All DataCite DOIs have associated metadata, described in the DataCite Metadata Schema Documentation (DataCite Metadata Working Group (2017)), validated and stored as XML in the DataCite Metadata Store (MDS). These metadata are then made available via DataCite APIs and services. For these services XML is not always the best format, and we are thus providing the metadata in other formats, most notably JSON. The problem with our approach so far has been that this JSON was not properly defined, creating overhead and ambiguity both for our internal services and for our users. To change this situation, and to make it easier to work with metadata for DataCite DOIs, we today are announcing DataCite JSON.

What is DataCite JSON?

DataCite JSON represents all metadata elements and attributes available in DataCite XML, and can be converted from and to DataCite XML via several DataCite services (MDS API, EZ API, DOI Fabrica, Content Negotiation) that internally all use the bolognese metadata conversion library (Fenner (2017)), which also provides a command-line utility.
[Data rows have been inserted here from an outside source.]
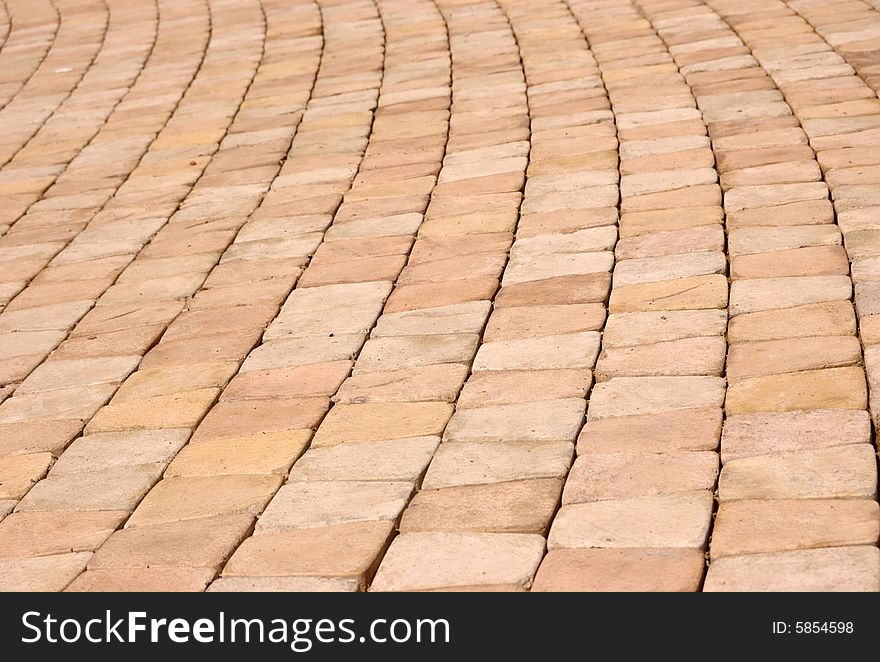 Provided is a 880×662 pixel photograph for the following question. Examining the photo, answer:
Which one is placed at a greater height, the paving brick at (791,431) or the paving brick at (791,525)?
the paving brick at (791,525)

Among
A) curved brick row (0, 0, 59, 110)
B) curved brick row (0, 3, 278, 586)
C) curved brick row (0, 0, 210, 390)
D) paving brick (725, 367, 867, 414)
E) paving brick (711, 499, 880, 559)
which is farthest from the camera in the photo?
curved brick row (0, 0, 59, 110)

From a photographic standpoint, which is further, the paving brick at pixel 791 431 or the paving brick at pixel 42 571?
the paving brick at pixel 791 431

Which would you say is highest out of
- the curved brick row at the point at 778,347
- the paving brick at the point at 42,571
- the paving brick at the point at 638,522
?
the paving brick at the point at 42,571

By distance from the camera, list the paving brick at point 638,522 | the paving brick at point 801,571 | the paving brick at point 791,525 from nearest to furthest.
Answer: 1. the paving brick at point 801,571
2. the paving brick at point 791,525
3. the paving brick at point 638,522

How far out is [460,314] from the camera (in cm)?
427

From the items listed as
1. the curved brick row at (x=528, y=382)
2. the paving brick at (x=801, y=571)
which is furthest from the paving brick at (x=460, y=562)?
the paving brick at (x=801, y=571)

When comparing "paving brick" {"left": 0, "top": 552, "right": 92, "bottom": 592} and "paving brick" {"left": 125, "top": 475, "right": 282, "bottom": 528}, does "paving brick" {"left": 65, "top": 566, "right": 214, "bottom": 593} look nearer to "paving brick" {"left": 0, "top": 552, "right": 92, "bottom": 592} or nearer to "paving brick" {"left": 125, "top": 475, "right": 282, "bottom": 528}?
"paving brick" {"left": 0, "top": 552, "right": 92, "bottom": 592}

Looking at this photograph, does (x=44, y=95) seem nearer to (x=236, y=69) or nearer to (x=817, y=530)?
(x=236, y=69)

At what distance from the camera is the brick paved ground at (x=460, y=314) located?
305 cm

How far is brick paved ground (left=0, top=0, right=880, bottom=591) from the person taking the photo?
10.0ft

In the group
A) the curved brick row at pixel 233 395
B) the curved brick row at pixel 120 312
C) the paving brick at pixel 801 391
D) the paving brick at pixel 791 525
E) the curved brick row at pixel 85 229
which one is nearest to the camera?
the paving brick at pixel 791 525

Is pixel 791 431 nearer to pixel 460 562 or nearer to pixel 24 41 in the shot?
pixel 460 562

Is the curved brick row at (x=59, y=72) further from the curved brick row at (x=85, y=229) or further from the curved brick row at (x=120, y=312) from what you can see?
the curved brick row at (x=120, y=312)

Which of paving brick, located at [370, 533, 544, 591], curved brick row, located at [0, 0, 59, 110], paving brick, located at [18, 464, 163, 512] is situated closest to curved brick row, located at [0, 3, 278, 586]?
paving brick, located at [18, 464, 163, 512] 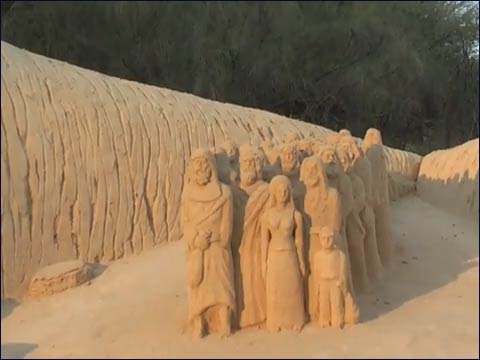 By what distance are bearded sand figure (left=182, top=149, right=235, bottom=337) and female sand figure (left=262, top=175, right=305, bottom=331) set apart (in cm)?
25

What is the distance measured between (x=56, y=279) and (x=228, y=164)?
79.3 inches

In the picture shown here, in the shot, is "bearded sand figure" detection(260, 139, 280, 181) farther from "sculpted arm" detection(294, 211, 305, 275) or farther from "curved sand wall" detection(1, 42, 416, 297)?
"curved sand wall" detection(1, 42, 416, 297)

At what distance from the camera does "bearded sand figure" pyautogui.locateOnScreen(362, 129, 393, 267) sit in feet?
20.4

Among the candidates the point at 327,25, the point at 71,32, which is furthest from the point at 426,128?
the point at 71,32

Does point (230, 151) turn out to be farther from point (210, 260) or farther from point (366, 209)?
point (366, 209)

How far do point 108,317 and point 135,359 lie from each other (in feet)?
3.43

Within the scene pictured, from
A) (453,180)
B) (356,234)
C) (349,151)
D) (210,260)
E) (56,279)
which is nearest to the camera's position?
(210,260)

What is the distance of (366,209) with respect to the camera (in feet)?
19.6

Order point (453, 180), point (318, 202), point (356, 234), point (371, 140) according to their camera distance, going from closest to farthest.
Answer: point (318, 202) → point (356, 234) → point (371, 140) → point (453, 180)

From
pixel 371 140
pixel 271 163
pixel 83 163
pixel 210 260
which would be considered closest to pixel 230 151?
pixel 271 163

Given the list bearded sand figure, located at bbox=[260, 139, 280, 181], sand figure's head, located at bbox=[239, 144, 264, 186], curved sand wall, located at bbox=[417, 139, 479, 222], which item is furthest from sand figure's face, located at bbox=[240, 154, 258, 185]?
curved sand wall, located at bbox=[417, 139, 479, 222]

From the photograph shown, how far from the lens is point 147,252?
6996 millimetres

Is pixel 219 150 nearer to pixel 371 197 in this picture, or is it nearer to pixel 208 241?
pixel 208 241

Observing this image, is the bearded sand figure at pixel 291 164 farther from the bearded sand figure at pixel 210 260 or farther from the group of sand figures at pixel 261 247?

Both our new Elasticsearch Search index and the updated JSON REST API (more on those in another blog post) use DataCite JSON. The bolognese metadata conversion library uses DataCite JSON as the intermediary format, for example when converting BibTeX to schema.org JSON-LD or JATS XML.

Is DataCite JSON different from DataCite XML?
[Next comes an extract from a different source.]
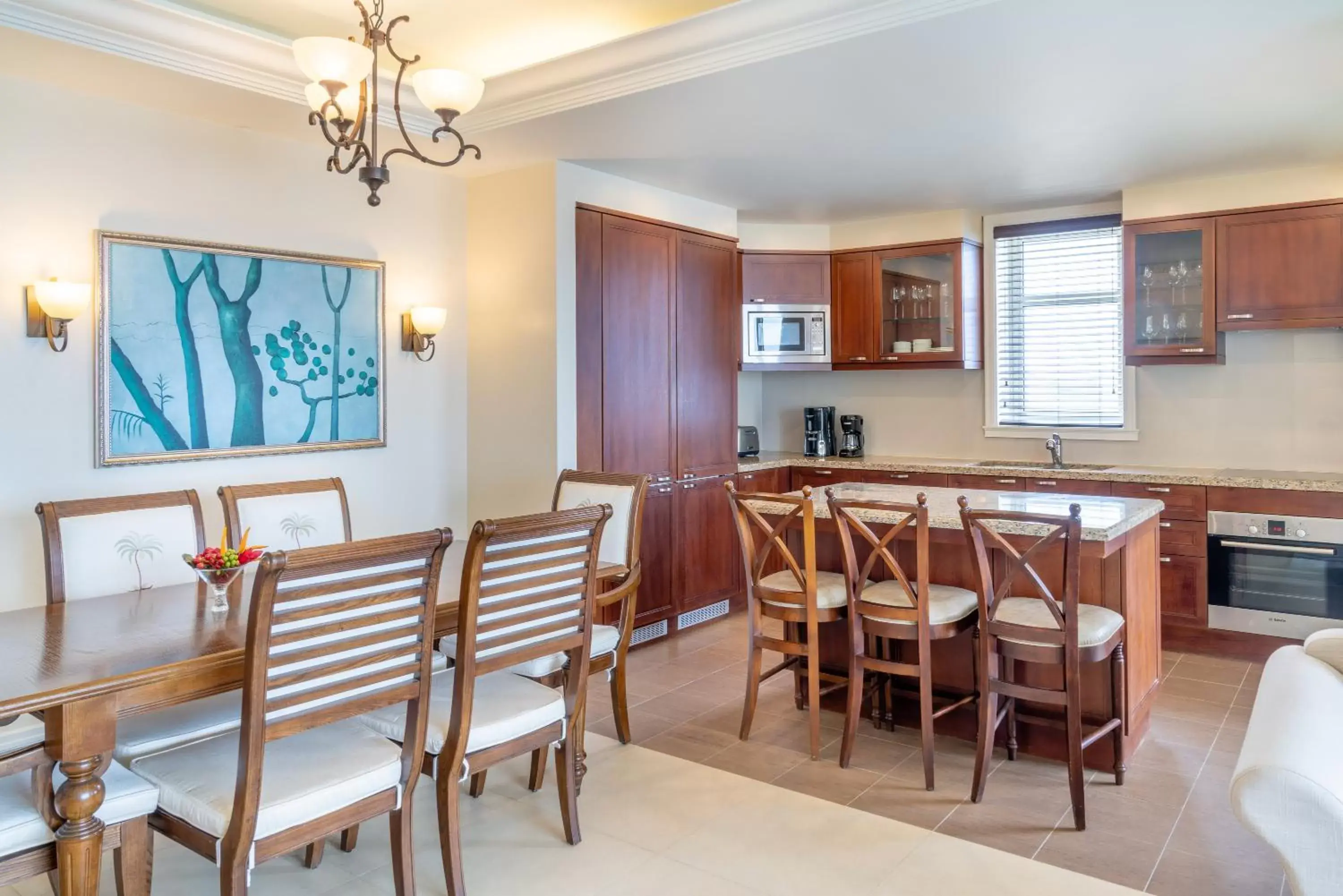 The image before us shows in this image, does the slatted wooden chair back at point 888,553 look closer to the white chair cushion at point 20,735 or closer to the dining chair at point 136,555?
the dining chair at point 136,555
There are minor differences between DataCite JSON and DataCite XML, mainly to make working with the metadata easier. This includes an identifiers object that combines the identifier and alternateIdentifier properties, and a types object that not only stores resourceTypeGeneral and resourceType information, but also the type information from RIS, BibTeX, Citeproc and schema.org, to avoid losing type information when converting between these formats. There is also a new container property that stores information about the repository or journal where the content is located. We can provide this information in DataCite XML via the relatedidentifier (with relationType isPartOf) and description (via descriptionType SeriesInformation) elements, but the process is cumbersome. DataCite JSON also includes information not available in DataCite XML, including the url registered for the DOI, and the date the DOI was registered.

Do you have examples using DataCite JSON?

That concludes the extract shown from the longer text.